### Problem details
The data below is to be returned in full and exactly.

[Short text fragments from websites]
•••
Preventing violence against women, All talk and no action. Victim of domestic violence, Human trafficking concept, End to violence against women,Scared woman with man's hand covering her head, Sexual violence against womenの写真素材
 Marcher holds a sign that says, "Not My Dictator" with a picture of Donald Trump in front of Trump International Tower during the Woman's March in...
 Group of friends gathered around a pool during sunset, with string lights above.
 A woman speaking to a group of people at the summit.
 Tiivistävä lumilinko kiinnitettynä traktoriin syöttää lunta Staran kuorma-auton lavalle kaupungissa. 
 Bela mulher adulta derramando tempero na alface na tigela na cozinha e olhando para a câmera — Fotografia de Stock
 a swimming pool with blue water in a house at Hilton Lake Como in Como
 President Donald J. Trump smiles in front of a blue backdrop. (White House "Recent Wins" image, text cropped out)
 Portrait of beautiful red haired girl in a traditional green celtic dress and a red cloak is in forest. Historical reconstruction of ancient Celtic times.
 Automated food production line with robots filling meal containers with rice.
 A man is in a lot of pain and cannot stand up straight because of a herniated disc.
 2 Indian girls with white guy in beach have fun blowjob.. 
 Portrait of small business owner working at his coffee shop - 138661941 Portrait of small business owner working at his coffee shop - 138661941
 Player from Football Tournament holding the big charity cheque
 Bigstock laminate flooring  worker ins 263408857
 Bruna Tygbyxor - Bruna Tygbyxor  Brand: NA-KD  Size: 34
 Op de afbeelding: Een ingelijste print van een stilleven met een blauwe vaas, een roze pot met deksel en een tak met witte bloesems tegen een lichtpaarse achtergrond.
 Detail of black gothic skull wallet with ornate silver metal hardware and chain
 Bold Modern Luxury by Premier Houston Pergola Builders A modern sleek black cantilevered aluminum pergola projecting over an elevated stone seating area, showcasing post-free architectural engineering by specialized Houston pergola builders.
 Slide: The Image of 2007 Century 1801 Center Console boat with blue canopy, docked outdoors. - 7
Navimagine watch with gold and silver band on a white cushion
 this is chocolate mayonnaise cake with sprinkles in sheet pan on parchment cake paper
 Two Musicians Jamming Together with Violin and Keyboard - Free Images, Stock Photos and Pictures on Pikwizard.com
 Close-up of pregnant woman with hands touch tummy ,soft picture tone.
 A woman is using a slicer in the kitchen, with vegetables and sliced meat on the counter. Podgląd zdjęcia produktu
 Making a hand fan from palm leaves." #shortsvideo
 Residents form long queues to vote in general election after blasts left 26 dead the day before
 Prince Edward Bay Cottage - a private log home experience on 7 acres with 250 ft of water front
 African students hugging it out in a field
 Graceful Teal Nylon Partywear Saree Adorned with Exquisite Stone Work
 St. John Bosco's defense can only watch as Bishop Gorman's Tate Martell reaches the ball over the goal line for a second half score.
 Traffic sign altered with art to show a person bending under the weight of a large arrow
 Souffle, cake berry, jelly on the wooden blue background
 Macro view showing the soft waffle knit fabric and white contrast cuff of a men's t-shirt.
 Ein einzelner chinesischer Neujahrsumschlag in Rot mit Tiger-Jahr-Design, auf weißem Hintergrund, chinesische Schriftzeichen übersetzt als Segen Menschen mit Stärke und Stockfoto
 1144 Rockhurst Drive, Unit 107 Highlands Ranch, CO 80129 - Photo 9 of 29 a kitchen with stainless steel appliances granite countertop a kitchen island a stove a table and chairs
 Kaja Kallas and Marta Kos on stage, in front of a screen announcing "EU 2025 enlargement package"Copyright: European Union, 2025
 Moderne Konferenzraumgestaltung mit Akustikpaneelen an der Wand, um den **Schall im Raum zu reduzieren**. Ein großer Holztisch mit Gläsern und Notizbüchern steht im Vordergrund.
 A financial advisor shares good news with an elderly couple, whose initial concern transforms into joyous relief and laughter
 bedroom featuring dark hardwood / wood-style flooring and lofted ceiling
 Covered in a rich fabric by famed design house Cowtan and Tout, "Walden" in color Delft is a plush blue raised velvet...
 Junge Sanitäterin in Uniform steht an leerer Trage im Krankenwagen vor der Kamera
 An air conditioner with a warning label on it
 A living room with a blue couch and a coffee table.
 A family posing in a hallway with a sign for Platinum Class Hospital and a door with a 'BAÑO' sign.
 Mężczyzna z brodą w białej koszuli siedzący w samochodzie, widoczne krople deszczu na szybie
•••
### Task output
Preventing violence against women, All talk and no action. Victim of domestic violence, Human trafficking concept, End to violence against women,Scared woman with man's hand covering her head, Sexual violence against womenの写真素材
 Marcher holds a sign that says, "Not My Dictator" with a picture of Donald Trump in front of Trump International Tower during the Woman's March in...
 Group of friends gathered around a pool during sunset, with string lights above.
 A woman speaking to a group of people at the summit.
 Tiivistävä lumilinko kiinnitettynä traktoriin syöttää lunta Staran kuorma-auton lavalle kaupungissa. 
 Bela mulher adulta derramando tempero na alface na tigela na cozinha e olhando para a câmera — Fotografia de Stock
 a swimming pool with blue water in a house at Hilton Lake Como in Como
 President Donald J. Trump smiles in front of a blue backdrop. (White House "Recent Wins" image, text cropped out)
 Portrait of beautiful red haired girl in a traditional green celtic dress and a red cloak is in forest. Historical reconstruction of ancient Celtic times.
 Automated food production line with robots filling meal containers with rice.
 A man is in a lot of pain and cannot stand up straight because of a herniated disc.
 2 Indian girls with white guy in beach have fun blowjob.. 
 Portrait of small business owner working at his coffee shop - 138661941 Portrait of small business owner working at his coffee shop - 138661941
 Player from Football Tournament holding the big charity cheque
 Bigstock laminate flooring  worker ins 263408857
 Bruna Tygbyxor - Bruna Tygbyxor  Brand: NA-KD  Size: 34
 Op de afbeelding: Een ingelijste print van een stilleven met een blauwe vaas, een roze pot met deksel en een tak met witte bloesems tegen een lichtpaarse achtergrond.
 Detail of black gothic skull wallet with ornate silver metal hardware and chain
 Bold Modern Luxury by Premier Houston Pergola Builders A modern sleek black cantilevered aluminum pergola projecting over an elevated stone seating area, showcasing post-free architectural engineering by specialized Houston pergola builders.
 Slide: The Image of 2007 Century 1801 Center Console boat with blue canopy, docked outdoors. - 7
Navimagine watch with gold and silver band on a white cushion
 this is chocolate mayonnaise cake with sprinkles in sheet pan on parchment cake paper
 Two Musicians Jamming Together with Violin and Keyboard - Free Images, Stock Photos and Pictures on Pikwizard.com
 Close-up of pregnant woman with hands touch tummy ,soft picture tone.
 A woman is using a slicer in the kitchen, with vegetables and sliced meat on the counter. Podgląd zdjęcia produktu
 Making a hand fan from palm leaves." #shortsvideo
 Residents form long queues to vote in general election after blasts left 26 dead the day before
 Prince Edward Bay Cottage - a private log home experience on 7 acres with 250 ft of water front
 African students hugging it out in a field
 Graceful Teal Nylon Partywear Saree Adorned with Exquisite Stone Work
 St. John Bosco's defense can only watch as Bishop Gorman's Tate Martell reaches the ball over the goal line for a second half score.
 Traffic sign altered with art to show a person bending under the weight of a large arrow
 Souffle, cake berry, jelly on the wooden blue background
 Macro view showing the soft waffle knit fabric and white contrast cuff of a men's t-shirt.
 Ein einzelner chinesischer Neujahrsumschlag in Rot mit Tiger-Jahr-Design, auf weißem Hintergrund, chinesische Schriftzeichen übersetzt als Segen Menschen mit Stärke und Stockfoto
 1144 Rockhurst Drive, Unit 107 Highlands Ranch, CO 80129 - Photo 9 of 29 a kitchen with stainless steel appliances granite countertop a kitchen island a stove a table and chairs
 Kaja Kallas and Marta Kos on stage, in front of a screen announcing "EU 2025 enlargement package"Copyright: European Union, 2025
 Moderne Konferenzraumgestaltung mit Akustikpaneelen an der Wand, um den **Schall im Raum zu reduzieren**. Ein großer Holztisch mit Gläsern und Notizbüchern steht im Vordergrund.
 A financial advisor shares good news with an elderly couple, whose initial concern transforms into joyous relief and laughter
 bedroom featuring dark hardwood / wood-style flooring and lofted ceiling
 Covered in a rich fabric by famed design house Cowtan and Tout, "Walden" in color Delft is a plush blue raised velvet...
 Junge Sanitäterin in Uniform steht an leerer Trage im Krankenwagen vor der Kamera
 An air conditioner with a warning label on it
 A living room with a blue couch and a coffee table.
 A family posing in a hallway with a sign for Platinum Class Hospital and a door with a 'BAÑO' sign.
 Mężczyzna z brodą w białej koszuli siedzący w samochodzie, widoczne krople deszczu na szybie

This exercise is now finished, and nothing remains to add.